• What you have to do: For the records below, copy exactly the span that begins at the line containing "Icelandic Horse Mix, Mare, 3" and stops after the line containing "Sunset in rainforest, Thailand", minus any pictures.

• Study material:
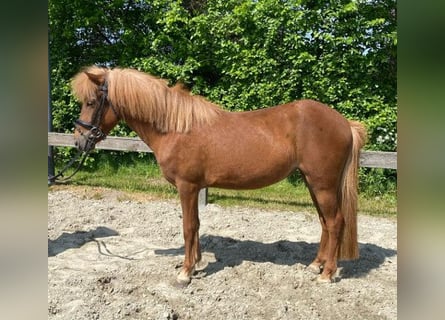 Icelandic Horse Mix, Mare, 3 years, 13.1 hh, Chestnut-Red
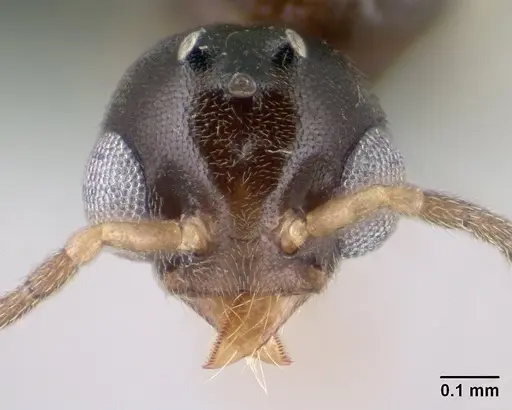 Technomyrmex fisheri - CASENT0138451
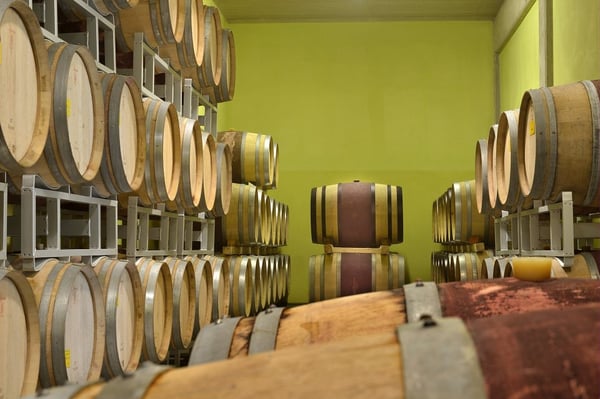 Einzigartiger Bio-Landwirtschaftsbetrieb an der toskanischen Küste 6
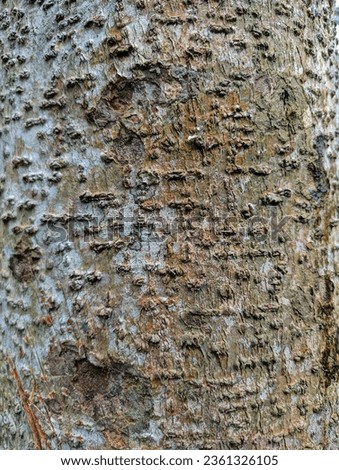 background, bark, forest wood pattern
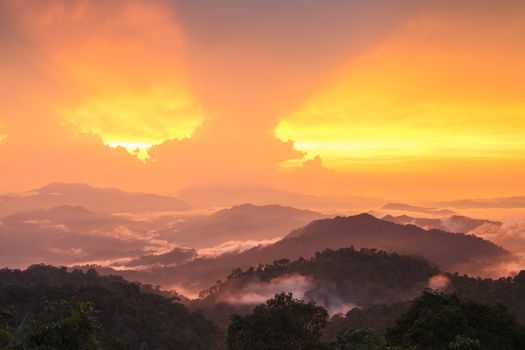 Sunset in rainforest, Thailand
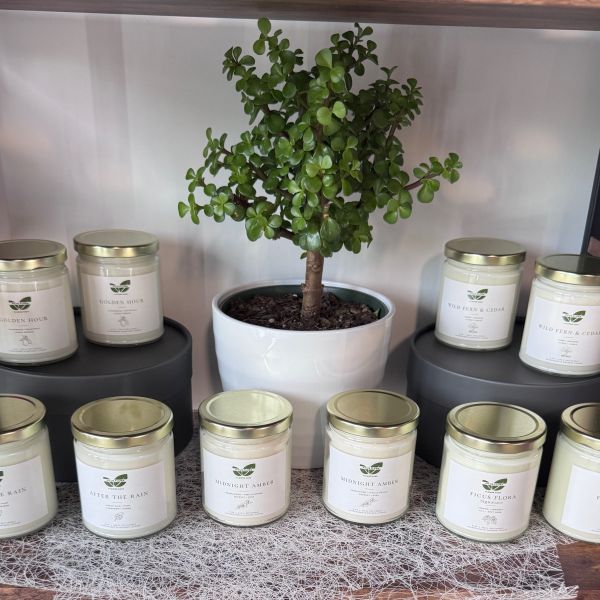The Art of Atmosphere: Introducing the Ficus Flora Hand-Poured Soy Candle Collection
--
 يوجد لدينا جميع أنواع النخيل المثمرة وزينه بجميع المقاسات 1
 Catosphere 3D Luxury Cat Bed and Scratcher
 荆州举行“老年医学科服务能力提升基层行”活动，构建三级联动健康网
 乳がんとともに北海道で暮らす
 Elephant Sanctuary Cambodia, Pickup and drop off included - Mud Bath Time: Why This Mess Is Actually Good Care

• Response:
 Icelandic Horse Mix, Mare, 3 years, 13.1 hh, Chestnut-Red
 Technomyrmex fisheri - CASENT0138451
 Einzigartiger Bio-Landwirtschaftsbetrieb an der toskanischen Küste 6
 background, bark, forest wood pattern
 Sunset in rainforest, Thailand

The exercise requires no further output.